Task input:
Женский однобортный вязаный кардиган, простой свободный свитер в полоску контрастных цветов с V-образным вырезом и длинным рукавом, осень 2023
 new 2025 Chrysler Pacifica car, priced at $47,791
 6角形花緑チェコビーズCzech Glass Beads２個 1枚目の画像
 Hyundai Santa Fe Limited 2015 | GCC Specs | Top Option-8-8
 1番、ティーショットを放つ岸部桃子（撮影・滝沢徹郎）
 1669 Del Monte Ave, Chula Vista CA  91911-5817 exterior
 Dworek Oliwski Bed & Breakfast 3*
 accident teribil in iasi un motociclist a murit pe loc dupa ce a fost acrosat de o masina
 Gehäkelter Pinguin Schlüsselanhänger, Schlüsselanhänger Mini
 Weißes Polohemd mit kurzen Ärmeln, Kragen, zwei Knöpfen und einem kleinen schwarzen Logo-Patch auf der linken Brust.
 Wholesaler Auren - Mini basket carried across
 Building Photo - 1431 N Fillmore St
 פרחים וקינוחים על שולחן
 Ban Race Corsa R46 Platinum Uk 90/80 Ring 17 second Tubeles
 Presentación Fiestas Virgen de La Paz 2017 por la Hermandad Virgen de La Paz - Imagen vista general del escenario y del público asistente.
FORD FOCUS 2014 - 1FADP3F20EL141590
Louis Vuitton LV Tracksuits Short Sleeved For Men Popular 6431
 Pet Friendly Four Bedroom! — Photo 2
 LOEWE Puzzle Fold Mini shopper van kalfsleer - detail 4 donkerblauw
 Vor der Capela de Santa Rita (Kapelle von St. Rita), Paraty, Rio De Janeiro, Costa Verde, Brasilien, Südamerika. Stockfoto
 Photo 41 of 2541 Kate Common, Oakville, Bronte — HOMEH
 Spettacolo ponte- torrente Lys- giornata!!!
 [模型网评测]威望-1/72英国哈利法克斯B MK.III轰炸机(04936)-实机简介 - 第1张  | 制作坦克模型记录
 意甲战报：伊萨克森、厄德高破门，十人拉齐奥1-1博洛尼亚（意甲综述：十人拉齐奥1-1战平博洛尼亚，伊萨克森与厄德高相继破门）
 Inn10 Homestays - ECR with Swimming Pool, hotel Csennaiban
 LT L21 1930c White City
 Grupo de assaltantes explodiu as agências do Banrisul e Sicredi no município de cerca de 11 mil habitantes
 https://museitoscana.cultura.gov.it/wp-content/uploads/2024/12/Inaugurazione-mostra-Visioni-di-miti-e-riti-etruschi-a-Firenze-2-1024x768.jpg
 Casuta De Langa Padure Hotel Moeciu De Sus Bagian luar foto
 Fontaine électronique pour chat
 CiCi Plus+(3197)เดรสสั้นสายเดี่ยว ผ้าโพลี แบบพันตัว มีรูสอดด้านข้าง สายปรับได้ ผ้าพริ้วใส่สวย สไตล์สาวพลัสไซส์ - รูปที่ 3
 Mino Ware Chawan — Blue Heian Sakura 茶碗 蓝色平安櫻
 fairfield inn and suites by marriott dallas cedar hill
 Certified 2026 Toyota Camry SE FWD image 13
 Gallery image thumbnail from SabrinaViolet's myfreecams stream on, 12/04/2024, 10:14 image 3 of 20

Your goal: If a line in the listing includes the word "Photo", it counts; report the number of such lines and nothing else.

Exercise response: 3